This article by Aymann Jawad al-Tamimi at the American Spectator (h/t to the Middle East Forum) is interesting for a variety of reasons. It concerns the firebombing by jihadists that destroyed the offices of the French satirical magazine Charlie Hebdo. The firebombing was retaliation for the edition the magazine published after the Islamist party won the recent Tunisian elections — an edition that featured a caricature of Mohammed on the cover and also jokingly included the prophet as a “guest editor.”

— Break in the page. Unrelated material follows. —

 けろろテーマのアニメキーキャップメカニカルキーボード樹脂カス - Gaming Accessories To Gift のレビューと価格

Mr. al-Tamimi’s main thrust is to contrast the spirited defense of free speech by the French press and political class with the craven response in “English-speaking circles.” The latter, echoing the Obama administration, Sen. Lindsey Graham, Gen. David Petraeus, and other notables, seem eager to erode free speech protections in order to appease the hair-trigger sensitivities of Islamists.
Tamimi’s praise for the French seems somewhat overstated. He points out that Charlie Hebdo had been absolved in 2007, when Islamist groups sued them for reprinting the Danish cartoons. Of course, the Islamists were only able to bring the suit because French law recognizes such claims on the theory of “incitement to racism” (in which Islam is somehow considered a “race”). But Tamimi is certainly right that, on the occasion of the firebombing, both sides of the French political spectrum issued strong statements condemning the notion that intimidating threats and arson should be permitted to limit debate.

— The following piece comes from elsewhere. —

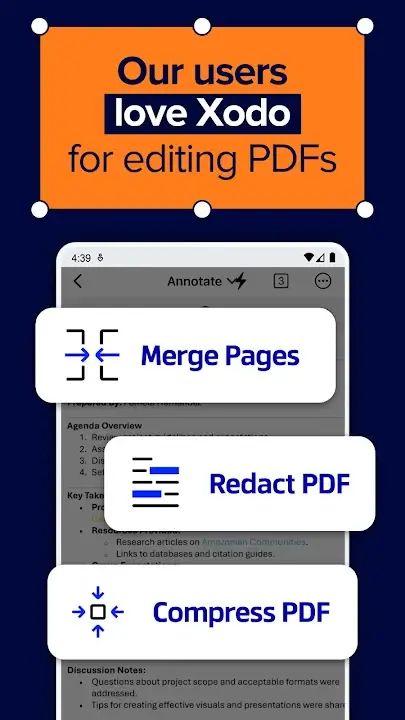 Xodo PDF screenshot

No doubt owing to the discussion Robert Spencer and yours truly have been having about the merits of distinguishing between Islam and Islamists, these two paragraphs toward the end of Tamimi’s piece jumped out at me (bold italics are mine):
More generally, this affair — along with the attack on a Tunisian TV station for broadcasting the film Persepolis, and the death threats that forced the flight from Pakistan of the judge who convicted the assassin of Salman Taseer, the Punjab governor who opposed the blasphemy law — demonstrates that Islam as a whole still has a long way to go to come towards accepting basic standards of toleration of criticism.

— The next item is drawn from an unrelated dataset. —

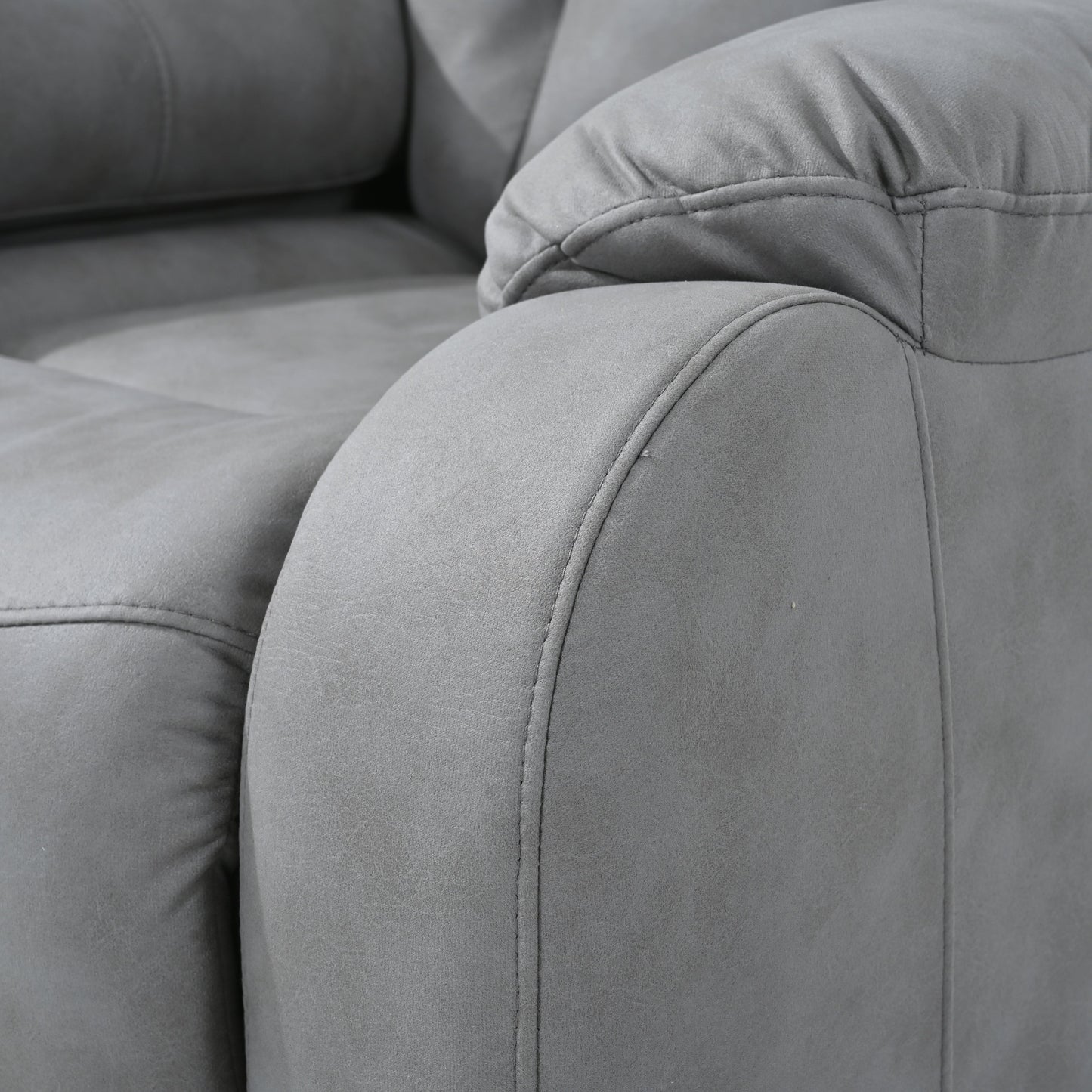 Fabric Power Lift Recliner with Remote, Overstuffed Cushions, Side Storage Pocket, and Durable Heavy-Duty Frame for Seniors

In short, one hopes that the following principle … will come to be accepted as mainstream in Islam: ‘[O]ne’s response to someone else’s provocative action is entirely one’s own responsibility. If you do something that offends me, I am under no obligation to kill you, or to run to the United Nations to try to get laws passed that will silence you. I am free to ignore you, or laugh at you, or to respond with charity, or any number of reactions.’
This gets at what we’ve been arguing about. Mr. Tamimi qualifies his negative criticism as directed at “Islam as a whole” and strongly implies that “the mainstream in Islam” fails to accept enlightened standards of toleration of criticism; at the same time, he expresses “hope” that some day such standards “will come to be” mainstream — indicating that, for now, they are a minority sentiment but that this will not necessarily always be the case.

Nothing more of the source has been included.